A religious radio station overpowered my satellite radio for just a moment today while I was driving in my car with my kids. Just long enough for me to hear some loud, passionate preacher announce that. Was it a sign? No. It was static.
It is sort of ironic that I heard those few words on the radio today. Network Administrator Friend was here with her family over the long weekend. All five of them. It was her, her husband, and their three boys. She was telling me about a book that she just read called Letter to a Christian Nation. She told me that it is a book about responding to ridiculous religious people who want to convince you that prayer works, that religion is the way, that prayer can move mountains. And one example she shared with me was about how no amputee has ever had her prayer answered. No matter how much she prayed. No matter how many people pray for her. It just doesn't happen. Does that mean that God hates amputees? Does that mean she didn't pray enough? Or that enough people weren't praying?
And what about sick kids? What about Preschooler in Chief? What did he do to deserve his heart defect? People all around the country were praying for him? Even if Father in Chief and I aren't religious, PIC has a lot of religious people in his family praying to a God that can't or won't heal our boy--or thousands of others like him. It doesn't happen.
Prayer does not fix people. Prayer does not heal people. The only thing prayer does is help the people praying feel better. It is a way for helpless people to feel like they are doing something. Prayer does not move mountains. And it makes me angry to have people out there preaching that praying is going to do something or heal someone. If you pray hard enough, God will hear you. God will help you. Prayer will move mountains.
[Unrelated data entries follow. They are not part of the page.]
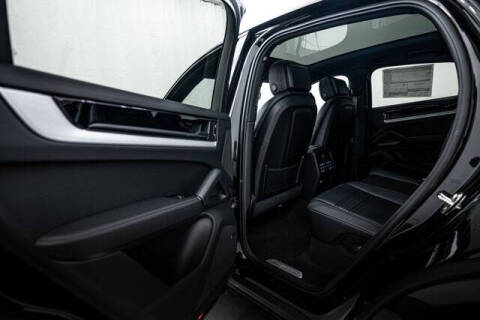 2025 Porsche Cayenne Coupe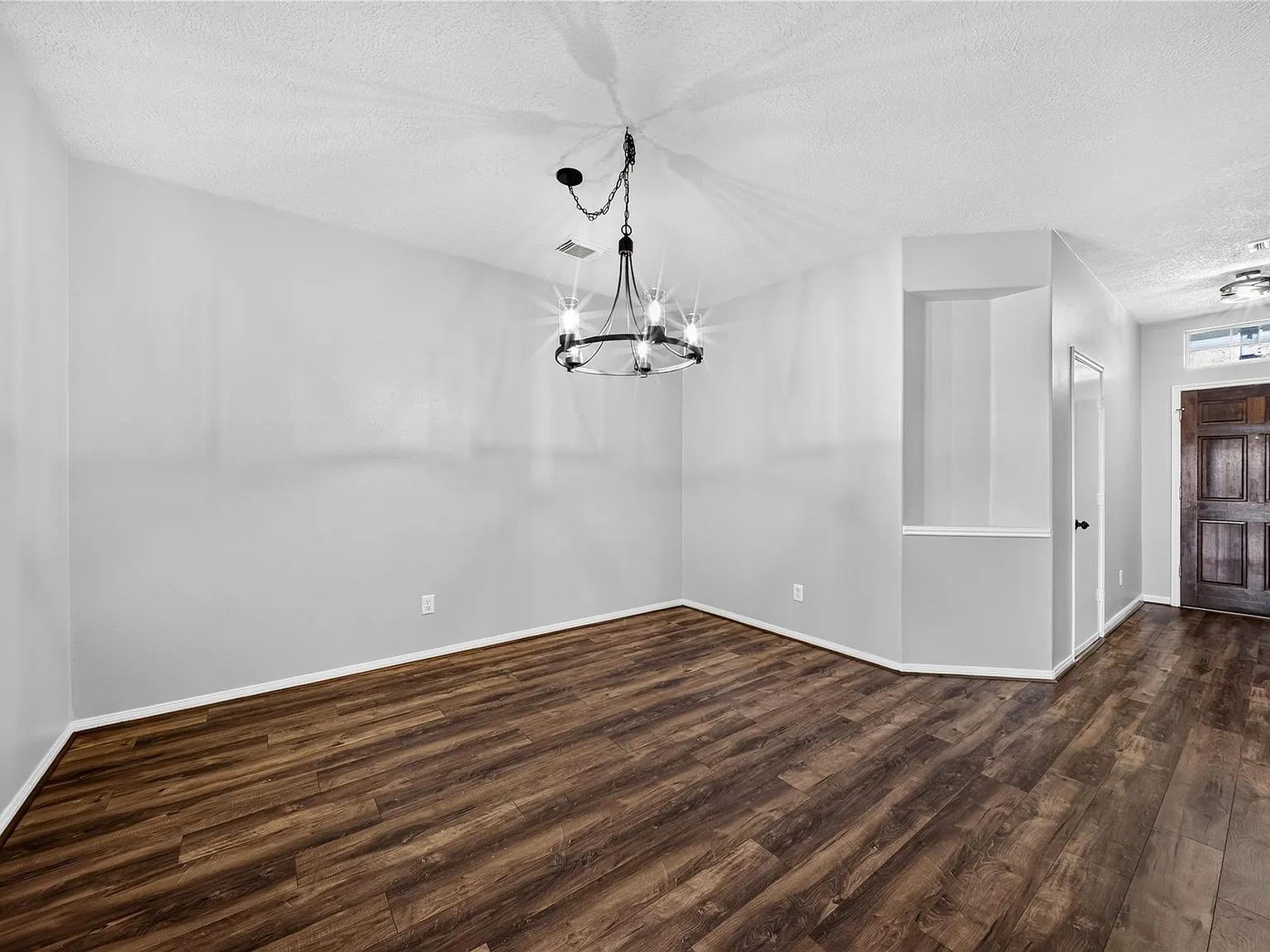 4 bed, 2.0 bath, 1836 sqft, $2,200 — Photo 4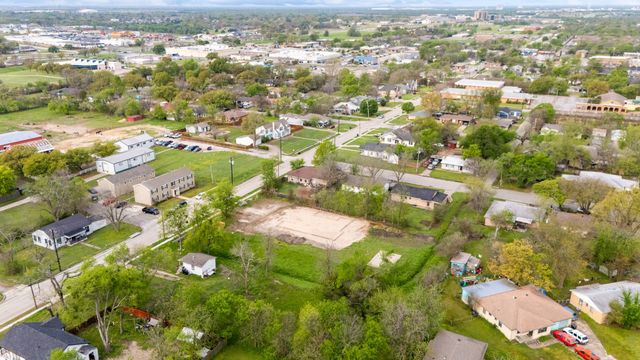 2102 Stanford Street, Greenville, TX 75401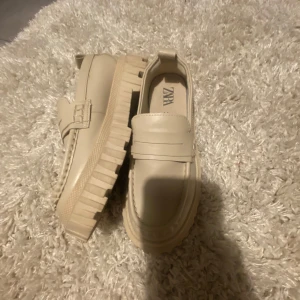 Beige loafers från Zara - Snygga beige loafers från Zara med en chunky sula och stilren design. Har använts en gång eftersom att de blev för små.🥰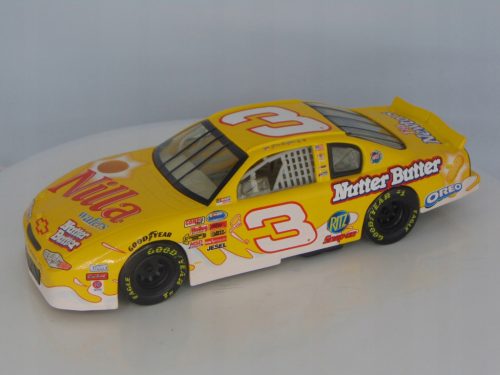  AKTION 2002 EARNHARDT JR #3 CHEVROLET MONTE CARLO NILLA WAFERS NASCAR 1:24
I don't thank God that my son is alive. I thank the doctors and scientists and technology and research. I thank the thousands of others who came before us, whose children died as the doctors were learning how to help kids like my kid live a little bit longer and a little bit better. I thank the people who donate their blood so that my kid could get transfusions, and plasma, and albumen. I thank the families who donate their dying kids' organs so that other sick kids might live. Those are the people that need thanking.
So if you really want to move a mountain, you better get to work and you better be ready to sweat. Because no amount of prayer is going to make it happen.